Task instructions —
Please set down, with no changes, every line of the material below from the one containing "The Nevada Sublease" through the end. Skip the pictures.

Data segment —
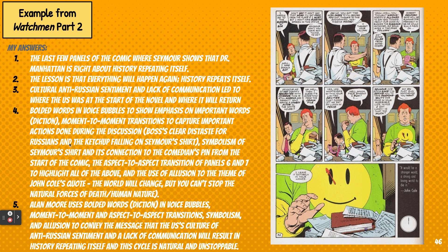Step four is to talk about all the devices you find. These are not all of them, but some of the devices I found: bolded words in the voice bubbles to show emphasis on important words — diction. When you look at the dialogue, 'burger and borscht' is what he's about to say, and a lot of the words he uses that you're supposed to notice are in bold and carry anti-Russian sentiment. The use of moment-to-moment transitions to capture important actions happening during the discussion — for example, the boss's clear distaste for Russians, the ketchup falling on Seymour's shirt. The symbolism of Seymour's shirt and its connection to the Comedian's pin from the start of the comic — that image should look familiar to you.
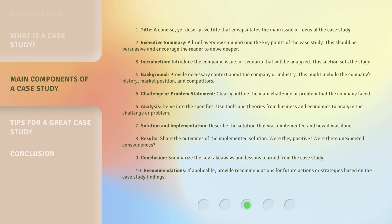Three: Introduction — introduce the company, issue, or scenario that will be analyzed. This section sets the stage. Four: Background — provide necessary context about the company or industry. This might include the company's history, market position, and competitors.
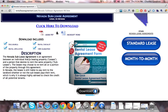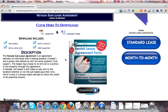The Nevada Sublease Agreement is an agreement between an individual that is leasing property, known as the leasee, and a person that desires to rent the same property, known as the subleasee. The leasee may choose to re-rent all or a portion of the property through this agreement.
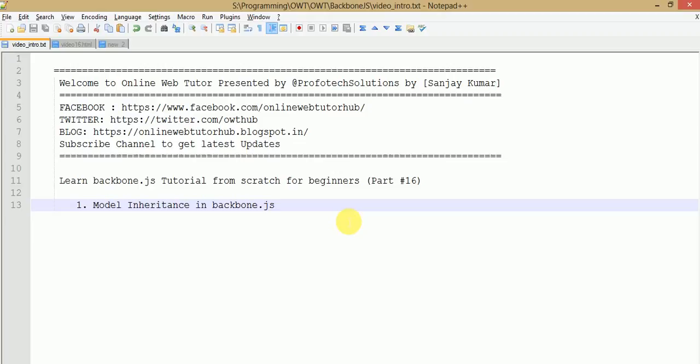Hello guys, welcome to Online Web Tutor presented by Perfect Solutions Team. I am Sanjay. We are learning Backbone.js tutorial from scratch, and this is part 16 of this video session series. If you are a beginner, I strongly recommend you to go to YouTube, type 'Online Web Tutor', and search the playlist of Backbone.js where you can find several resources about the Backbone.js tutorial made totally for beginners from scratch.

Solved problem —
The Nevada Sublease Agreement is an agreement between an individual that is leasing property, known as the leasee, and a person that desires to rent the same property, known as the subleasee. The leasee may choose to re-rent all or a portion of the property through this agreement.
Hello guys, welcome to Online Web Tutor presented by Perfect Solutions Team. I am Sanjay. We are learning Backbone.js tutorial from scratch, and this is part 16 of this video session series. If you are a beginner, I strongly recommend you to go to YouTube, type 'Online Web Tutor', and search the playlist of Backbone.js where you can find several resources about the Backbone.js tutorial made totally for beginners from scratch.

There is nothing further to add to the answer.